Nevada’s teen job crisis is summer’s biggest disaster

Original Article: http://www.reviewjournal.com/news/nevada-s-teen-job-crisis-summers-biggest-disaster

  • Author: Michael Saltsman

  • Publication Date: August 2015

  • Newspaper: Las Vegas Review-Journal

  • Topics: Minimum Wage

It was one of the worst releases of the summer.

No, I’m not talking about the box-office disaster known as “Fantastic Four” — although teens who shelled out $10 for a ticket to that movie surely are looking for a refund.

Rather, I’m talking about the monthly jobs report released by the U.S. Bureau of Labor Statistics.

It showed that though teen unemployment has ticked down slightly, labor force participation remains mired at the same rate as the summer of 2011. Meanwhile, more than 11 million teens have dropped out of the workforce entirely. The situation is even worse in Nevada, with teen unemployment averaging 26.4 percent, about the same as the 27.2 percent rate at this time last year.

In a complex labor market like Nevada’s, it’s impossible to identify one reason why youth unemployment remains stubbornly high despite broader economic gains in recent years. While many of these factors are outside the control of Nevada policymakers, one proposed public policy idea would almost certainly exacerbate the problem: a higher minimum wage, which disproportionately hurts young and less-experienced jobseekers.

While both a Republican-backed state Senate bill and a Democrat-backed state constitutional amendment to raise the minimum wage failed in this year’s legislative session, union-backed groups are already looking ahead to next year, moving to put a minimum wage initiative on the ballot. For Nevada’s low-margin, labor-intensive businesses such as those in the restaurant and retail industries, which are primary employers of youth, such a measure could significantly increase operating costs.

In order to absorb the new costs associated with a minimum wage hike while maintaining their razor-thin profit margins, Nevada small businesses would try to pass them off to their consumers in the form of higher prices. While this may work in high-end businesses on the Strip where consumers scarcely glance at the price, it won’t in areas where consumers are price sensitive.

Faced with the threat of losing customers, businesses try to absorb increased labor costs by cutting costs instead. That means reducing job opportunities. And those hardest hit by these lost jobs are young jobseekers who are the least-skilled and therefore the most dispensable to their employers.

Such consequences have been most stark on the West Coast, where cities such as Seattle, Oakland, San Francisco and Los Angeles have dramatically increased their minimum wages. A Z Pizza franchise in Seattle, trendy restaurants in San Francisco and 10 restaurants and grocery stores in Oakland’s Chinatown are just some of the numerous small business to have closed their doors in recent months, citing minimum wage increases as the driving reason.

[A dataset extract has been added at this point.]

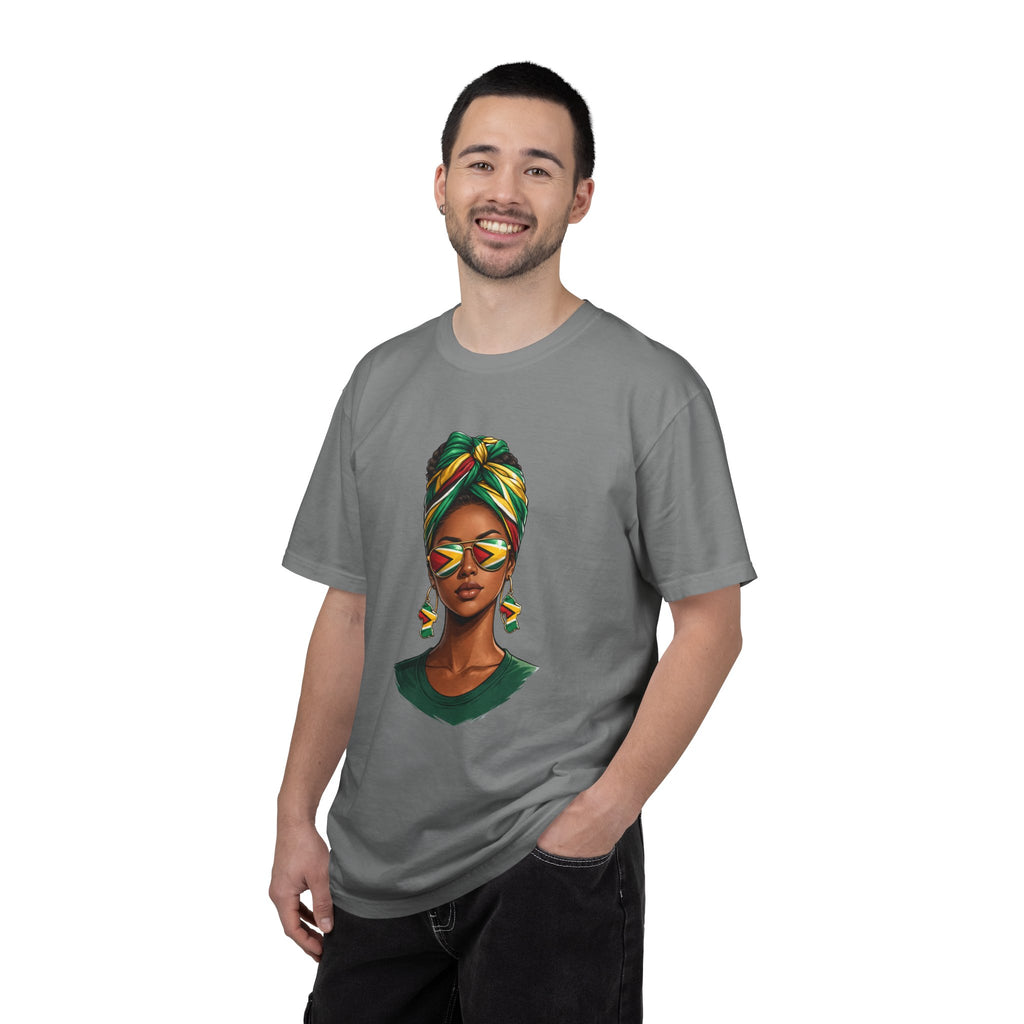 Afro Guyanese Woman Portrait with Headwrap & Sunglasses — Unisex Tee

These aren’t just anecdotes. Last year, the nonpartisan Congressional Budget Office estimated that a half-million jobs would be lost from a $10.10 minimum wage. And two summaries of the best minimum wage research, authored by economists at UC Irvine and the Federal Reserve Board, find that the vast majority of studies conclude that wage hikes cost jobs — particularly among the least skilled.

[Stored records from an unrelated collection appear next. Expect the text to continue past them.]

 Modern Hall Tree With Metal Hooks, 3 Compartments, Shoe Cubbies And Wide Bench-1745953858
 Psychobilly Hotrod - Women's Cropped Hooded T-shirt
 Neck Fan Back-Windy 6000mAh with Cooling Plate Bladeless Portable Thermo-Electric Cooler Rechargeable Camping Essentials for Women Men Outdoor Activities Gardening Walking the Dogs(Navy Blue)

But it isn’t just a job that Nevada teens are missing out on when the minimum wage increases. They’re missing out on valuable early-career work experience that provides them with an “invisible curriculum” of soft skills like customer service, time management and a sense of urgency that help them throughout their careers. Economists from the University of Virginia and Middle Tennessee State University have found that those who get such experience enjoy an earnings premium throughout their careers over those who did not.

Bad movies come and go, but Nevada youth who miss out on valuable early career employment opportunities are facing long-term harm. Instead of creating new barriers to employment, the state’s legislators should step back and examine the existing ones they’ve already enacted.